Top of THE INPUT

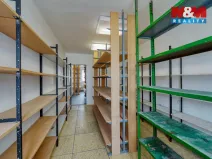 Pronájem skladu, Plzeň - Lobzy, Blatenská, 360 m2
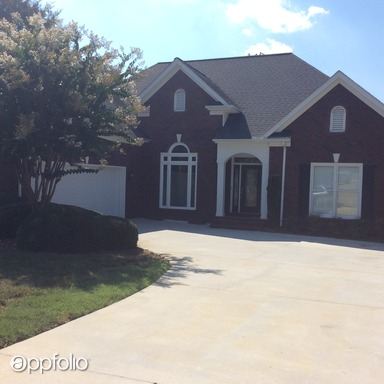 Building Photo - 4560 Landmark Dr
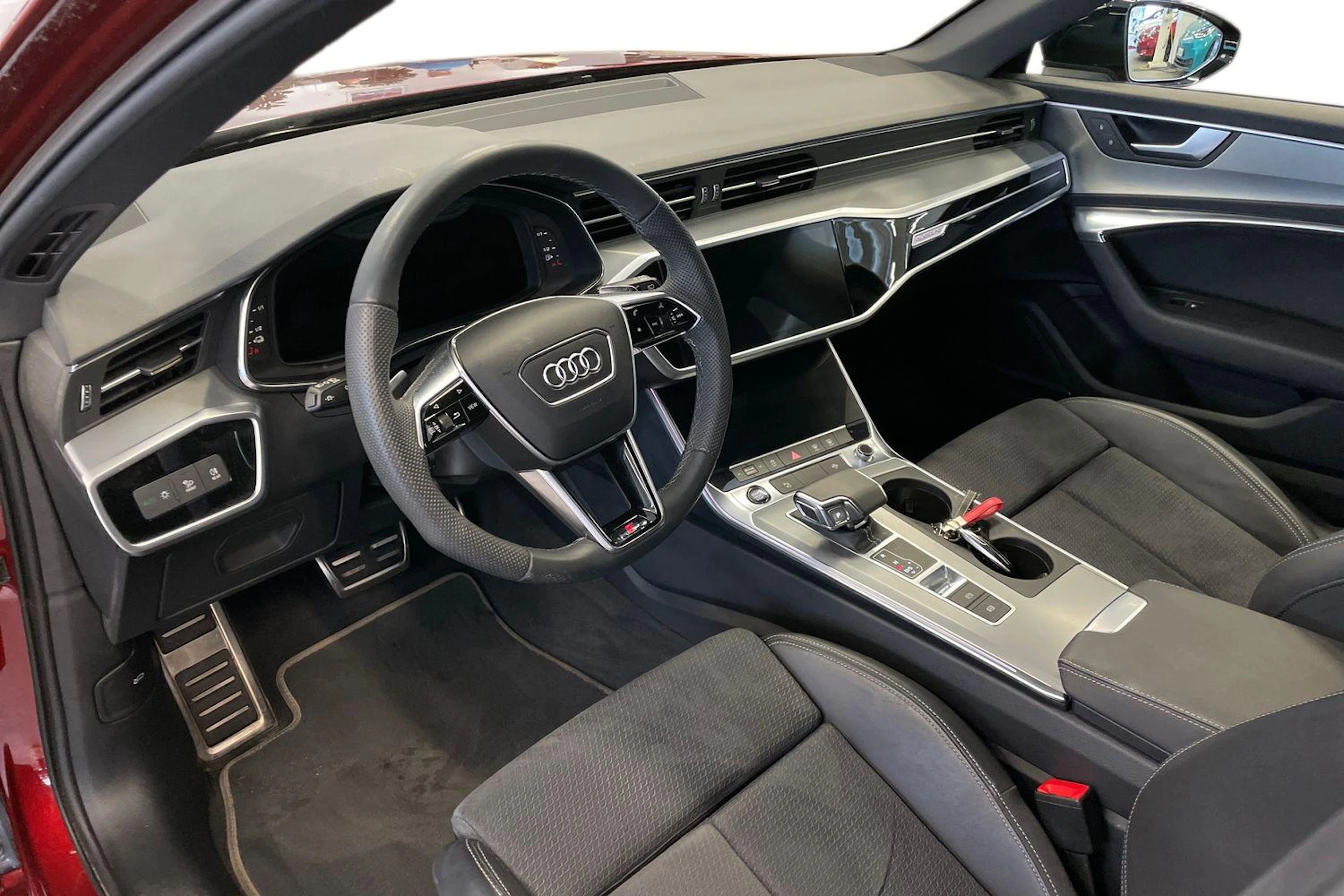 Punainen Audi A6 2024 kuva 6.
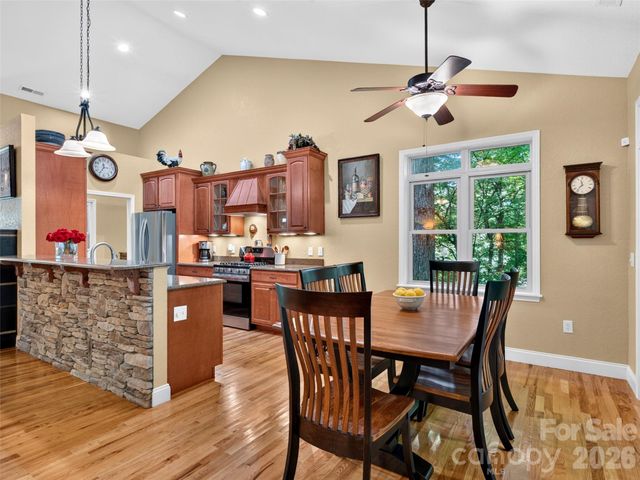 427 Locust Drive, Maggie Valley, NC 28751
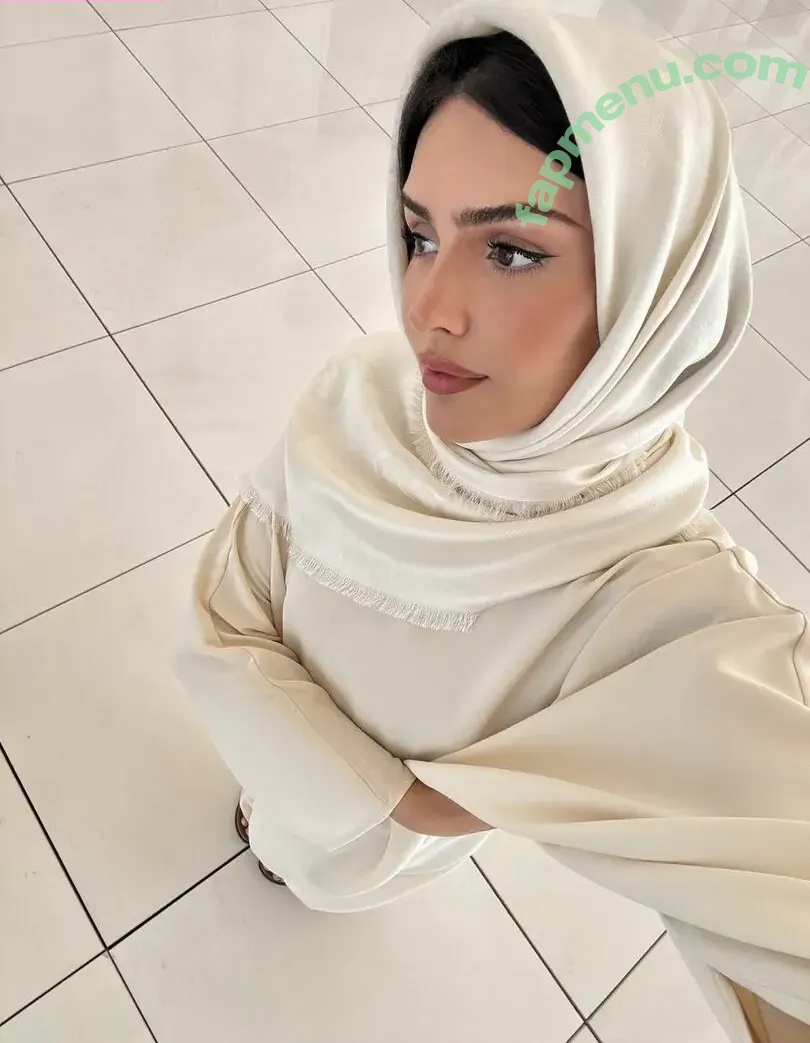 Dina Saeva nude photo #0265 (senoritasaeva)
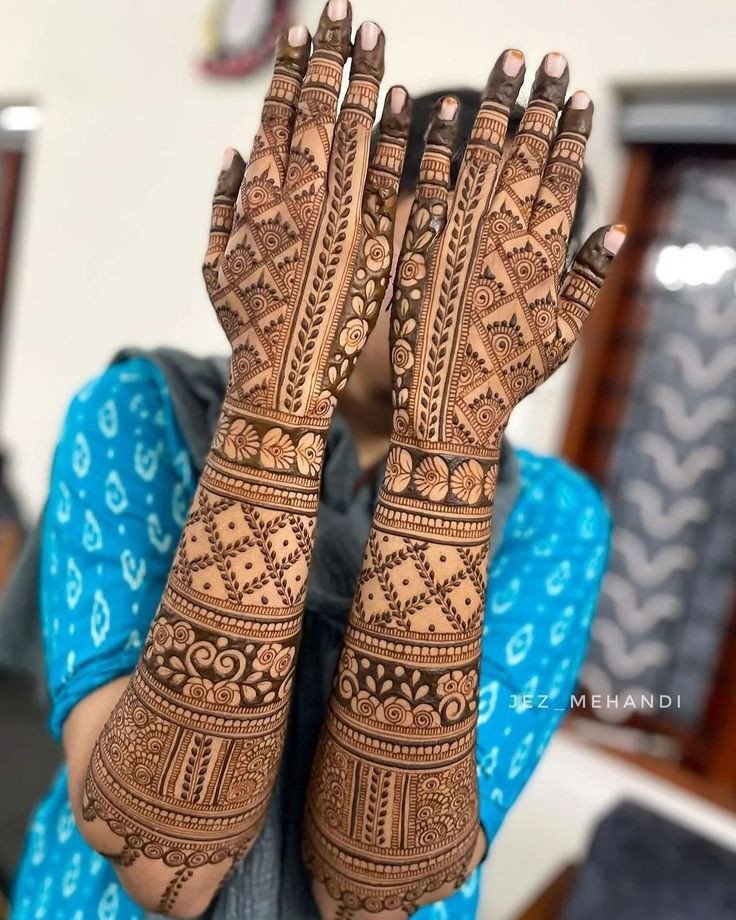 beautiful stylish back hand mehndi design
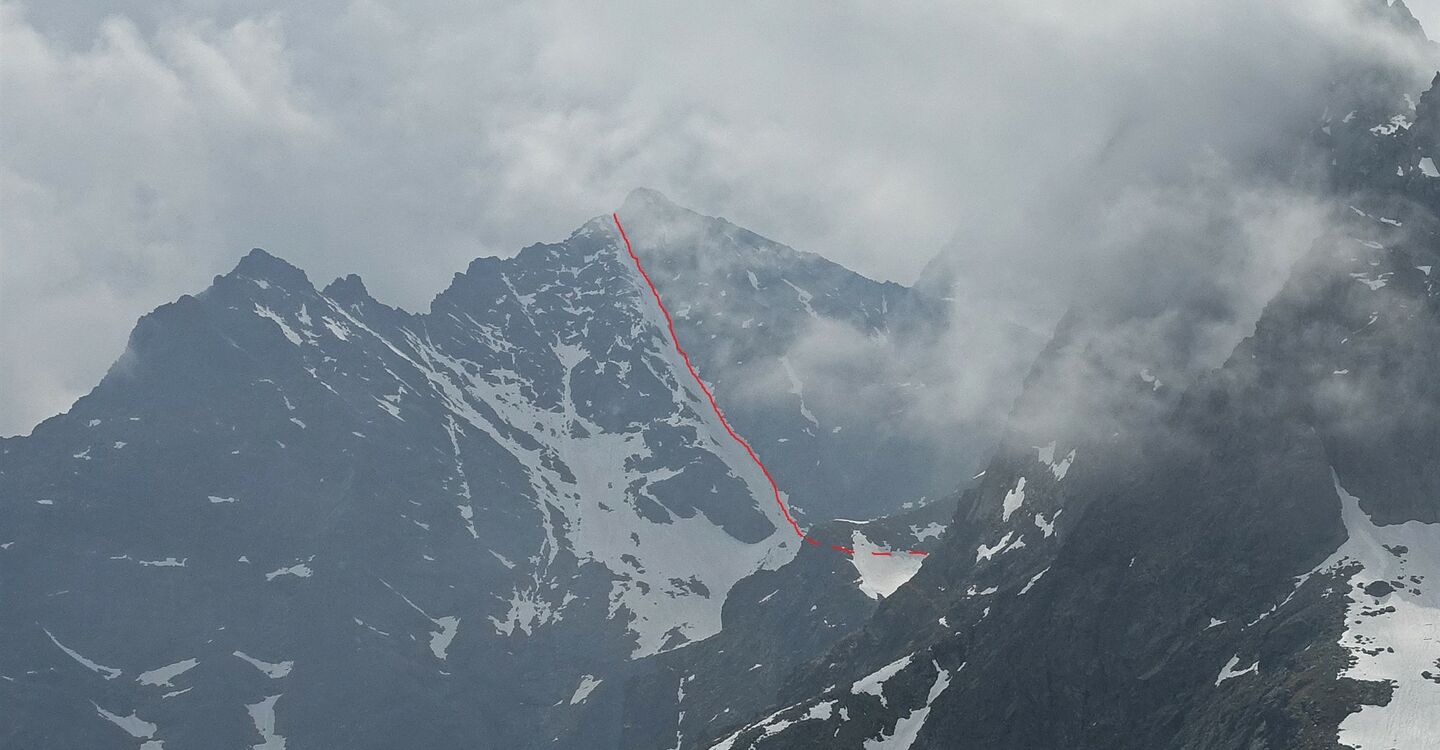 WTA 1061 1 Der Rysy und die Rinne (rot) durch die man bei Firnfeldern aufsteigt 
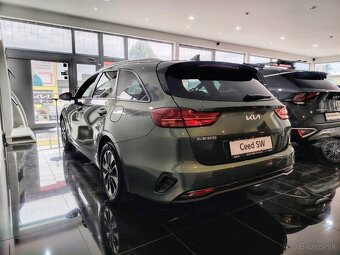 KIA CEED SW 1,5 T-GDI SILVER SILVER PACK - 5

Bottom of THE INPUT

Leaving the pictures out, output each line of the listing exactly.

→ RESPONSE TO THE EXERCISE
 Pronájem skladu, Plzeň - Lobzy, Blatenská, 360 m2
 Building Photo - 4560 Landmark Dr
 Punainen Audi A6 2024 kuva 6.
 427 Locust Drive, Maggie Valley, NC 28751
 Dina Saeva nude photo #0265 (senoritasaeva)
 beautiful stylish back hand mehndi design
 WTA 1061 1 Der Rysy und die Rinne (rot) durch die man bei Firnfeldern aufsteigt 
 KIA CEED SW 1,5 T-GDI SILVER SILVER PACK - 5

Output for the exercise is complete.